Recursion function to find sum of digits in integers using python

Question

def sumdigits(number):
  if number==0:
    return 0
  if number!=0:
    return (number%10) + (number//10)

this is the function that I have. However its only give the proper sum of 2 digit numbers. How can i get the sum of any number. Also would my function count as recursion

def main():
    number=int(input("Enter a number :"))
    print(sumdigits(number))
main()

Answer 1

No, it is not recursive as you are not calling your function from inside your function.

Try:

def sumdigits(number):
  if number == 0:
    return 0
  else:
    return (number%10) + sumdigits(number//10)

Answer 2

Recursion is a way of programming or coding a problem, in which a function calls itself one or more times in its body.

Usually, it is returning the return value of this function call. If a function definition fulfils the condition of recursion, we call this function a recursive function.
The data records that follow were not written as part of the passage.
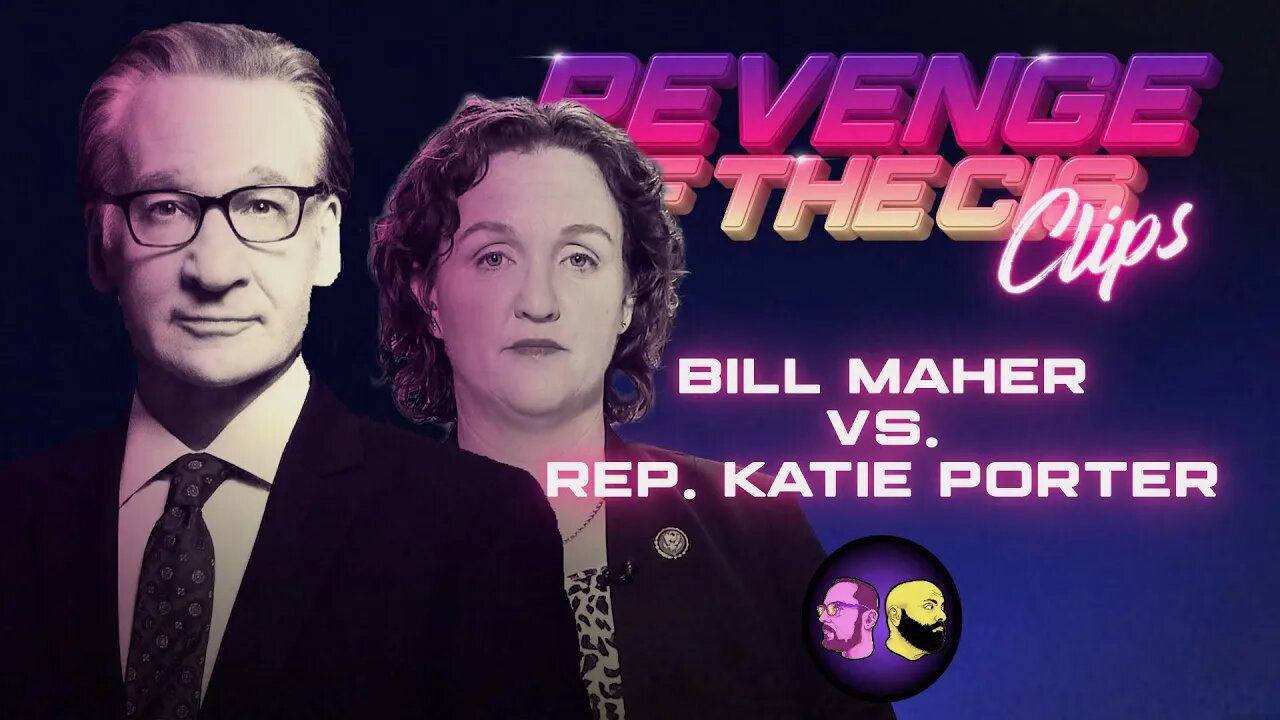 Bill Maher Argues With Rep. Katie Porter | ROTC Clips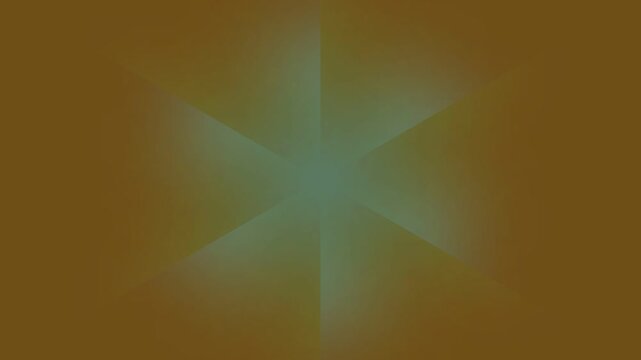 A bright blue abstract star burst background features a glowing fractal pattern with shining rays of light and energy motion across a vector space sky texture illustration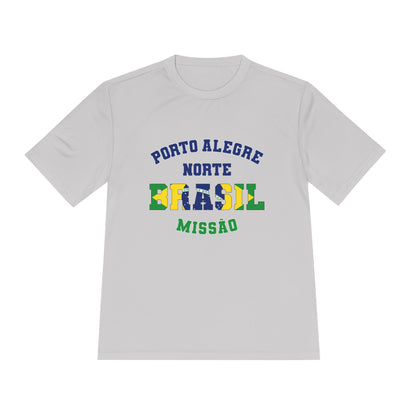 Brazil Porto Alegre North Portuguese - Unisex Dri-Fit Tee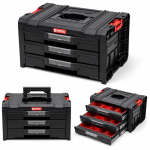 Ящик для инструмента QBRICK SYSTEM PRO DRAWER 3 TOOLBOX 2,0 EXPERT (SKRQPROD3E2CZAPG003) – Фото №4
A recursive function has to terminate to be used in a program. Usually, it terminates, if with every recursive call the solution of the problem is downsized and moves towards a base case. A base case is a case, where the problem can be solved without further recursion. (a recursion can lead to an infinite loop, if the base case is not met in the calls). For this problem, the "base case" is:

if number == 0:
    return 0

A simple recursive function for sum all the digits of a number is:

def sum_digits(number):
    """ Return the sum of digits of a number.
        number: non-negative integer
    """

    # Base Case
    if number == 0:
        return 0
    else:
        # Mod (%) by 10 gives you the rightmost digit (227 % 10 == 7), 
        # while doing integer division by 10 removes the rightmost 
        # digit (227 // 10 is 22)

        return (number % 10) + sumdigits(number // 10)

If we run the code we have:

>>>print sum_digits(57) # (5 + 7) = 12 
12
>>>print sum_digits(5728) # (5 + 7 + 2 + 8) = 22
22